Secretary General of the Government of Moldova
- Incumbent
- Assumed office 5 November 2025
- President: Maia Sandu
- Prime Minister: Alexandru Munteanu Eugen Osmochescu (acting) Vasile Tofan
- Preceded by: Artur Mija

Minister of Labour and Social Protection
- In office 9 January 2023 – 1 November 2025
- President: Maia Sandu
- Prime Minister: Natalia Gavrilița Dorin Recean
- Preceded by: Marcel Spatari
- Succeeded by: Natalia Plugaru

Personal details
- Born: 19 December 1983 (age 42) Ratuș, Moldavian SSR, Soviet Union
- Education: Academy of Economic Studies of Moldova

= Alexei Buzu =

Moldovan economist

Alexei Buzu (born 19 December 1983) is a Moldovan economist and public policy expert with extensive experience in social protection, gender equality, and international development. Since 2025, he is serving as the Secretary General of the Moldovan Government in the Tofan Cabinet.

==Education==
Buzu earned a Bachelor's Degree in economics and finance from the Academy of Economic Studies of Moldova in 2005. He is a native Romanian speaker and speaks English and Russian fluently.

==Career==
From 2012 to 2023, Buzu was the Director of the Development Partnership Center, a prominent Moldovan non-governmental organization focused on governance, social inclusion, and capacity building.
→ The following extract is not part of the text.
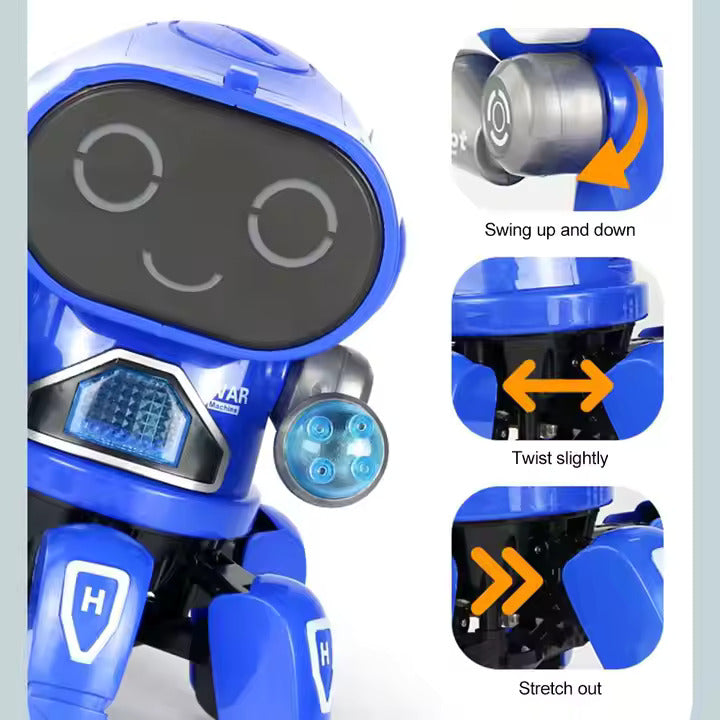 Smart Six-Claw Electric Robot Toy | Colorful Light and Sound Musical Model | 2 years and above | Early Baby Child Educational Toy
During this period, he also worked as a consultant for numerous international organizations, including the Crisis Management Initiative in Finland, the World Bank, the United Nations, the Council of Europe, and the European Union.

Between 2021 and 2022, Buzu led and contributed to several high-level gender equality assessments and strategy evaluations in countries such as Liberia, Zambia, North Macedonia, Armenia, South Africa, Thailand, and across the Asia–Pacific region. He worked with the Global Gender Help Desk, UN Women, and the Council of Europe to advance gender mainstreaming and policy development both in Moldova and internationally.
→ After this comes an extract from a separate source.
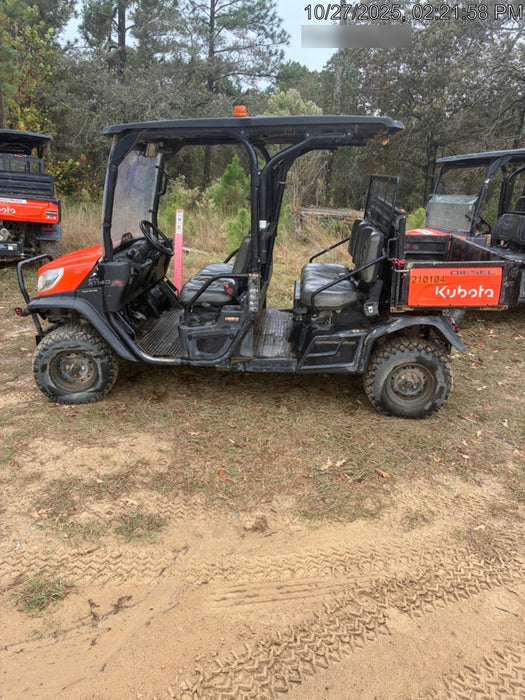 2022 Kubota RTV-X1140W-H Plastic Canopy, Windshield Acrylic Clear, LED Strobe Light, Wire Harness Kit, Back up Alarm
Buzu has frequently collaborated with UNDP Moldova, providing expertise on inclusive growth, local governance, and gender-responsive budgeting. He also supported the Moldovan government in drafting the Voluntary National Review for the 2030 Agenda for Sustainable Development.

Throughout his career, Buzu has provided consultancy for organizations such as UNICEF, UNFPA, GIZ, the Swedish Police Authority, and the Swiss Agency for Development and Cooperation, contributing to projects on youth policy, demographic security, gender analysis, and public sector reform.

Buzu's earlier work includes strategic consulting for USAID/Internews, Terre des hommes, and Soros Foundation Moldova, focusing on media development, child protection, and good governance.

In January 2023, Buzu was sworn into office as Minister of Labour and Social Protection, in the presence of Prime Minister Natalia Gavrilița and President Maia Sandu.